What remains unstated in nearly all our conversations about guns and gun violence, however, is how often a gun is used by someone to commit suicide. In the United States, approximately two-thirds of all gun-related deaths are suicides. Half of all suicide attempts involve guns. Because suicide is such a personal event that happens away from the public’s view, these deaths are rarely reported by the news media. But being unaware of just how many people use a gun to attempt or commit suicide leaves the American public with a fundamentally flawed conversation about guns and gun-violence; we simply aren’t talking enough about the role guns play in the single largest category of gun-related deaths.
Every time a mass-casualty shooting happens, public discourse quickly reverts to the predictable slogans of “guns save lives” and “an armed society is a polite society,” as if more people having more guns is the only imaginable answer to every situation. But when it comes to suicide, guns do not make people safer. When someone is suicidal, the best possible scenario is for them to not have access to a gun.
Suicide attempts can typically be described by three words: impulsivity, ambivalence, and regret. Suicide is often attempted on the spur of the moment—typically within 30 minutes of the decision to make the attempt. Survivors often report feeling uncertain about whether taking their life was really necessary, and go on to regret the decision, never to make another attempt. This ambivalence towards suicide, even by those who attempt it, means that persons are not likely to use another means to take their life if their first choice is not available.
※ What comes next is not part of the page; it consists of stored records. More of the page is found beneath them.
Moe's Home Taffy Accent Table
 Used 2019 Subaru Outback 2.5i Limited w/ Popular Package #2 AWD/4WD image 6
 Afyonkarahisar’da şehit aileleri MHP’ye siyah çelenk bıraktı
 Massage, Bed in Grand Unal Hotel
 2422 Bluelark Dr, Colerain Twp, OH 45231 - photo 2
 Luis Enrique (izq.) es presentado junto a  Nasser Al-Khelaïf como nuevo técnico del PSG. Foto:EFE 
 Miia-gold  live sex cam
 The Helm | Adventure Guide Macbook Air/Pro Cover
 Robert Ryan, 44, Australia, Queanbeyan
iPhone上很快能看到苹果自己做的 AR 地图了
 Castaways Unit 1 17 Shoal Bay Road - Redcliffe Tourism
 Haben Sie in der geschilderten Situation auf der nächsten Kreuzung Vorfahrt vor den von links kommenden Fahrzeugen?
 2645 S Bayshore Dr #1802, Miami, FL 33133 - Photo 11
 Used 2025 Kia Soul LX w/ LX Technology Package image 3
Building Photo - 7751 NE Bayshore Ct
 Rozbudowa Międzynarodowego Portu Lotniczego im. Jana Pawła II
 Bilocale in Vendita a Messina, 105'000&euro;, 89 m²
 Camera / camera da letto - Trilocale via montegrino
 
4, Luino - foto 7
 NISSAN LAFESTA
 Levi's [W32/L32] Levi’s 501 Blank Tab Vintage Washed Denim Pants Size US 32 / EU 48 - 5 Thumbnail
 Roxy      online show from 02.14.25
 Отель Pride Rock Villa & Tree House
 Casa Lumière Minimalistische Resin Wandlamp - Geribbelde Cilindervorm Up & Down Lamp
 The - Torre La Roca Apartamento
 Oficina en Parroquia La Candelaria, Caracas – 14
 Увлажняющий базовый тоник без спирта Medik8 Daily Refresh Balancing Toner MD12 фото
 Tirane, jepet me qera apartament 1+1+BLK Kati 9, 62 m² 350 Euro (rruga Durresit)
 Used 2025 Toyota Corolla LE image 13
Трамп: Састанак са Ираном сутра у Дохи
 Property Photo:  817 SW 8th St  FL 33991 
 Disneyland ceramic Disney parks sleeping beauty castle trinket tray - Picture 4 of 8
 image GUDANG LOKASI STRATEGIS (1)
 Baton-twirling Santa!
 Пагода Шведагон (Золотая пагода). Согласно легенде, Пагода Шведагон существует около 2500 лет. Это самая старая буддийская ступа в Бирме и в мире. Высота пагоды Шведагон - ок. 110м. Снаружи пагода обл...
Any barrier between a person contemplating suicide and a method of taking their life may very well save their life.
Because of the highly lethal nature of guns, ensuring that someone contemplating suicide does not have access to a gun is a life or death matter. That barrier might be a gun lock, or having guns stored in one location and bullets inaccessible in another. It might mean a person voluntarily relinquishing their firearms after consultation with a doctor or counselor. It might mean having an Extreme Risk Protective Order (“Red flag” law) issued to take someone’s gun away from them until the mental health crisis has passed.
In our highly partisan gun debate, any statement that suggests a gun restriction is bound to be met with an amount suspicion and derision. Do we have any capacity to acknowledge situations where guns do more harm than good? Mental health crises and suicide attempts are one such situation. There are others (such as domestic violence) that reasonable people who place a high value on life and safety can surely agree on.
How might we find space for conversations such as these?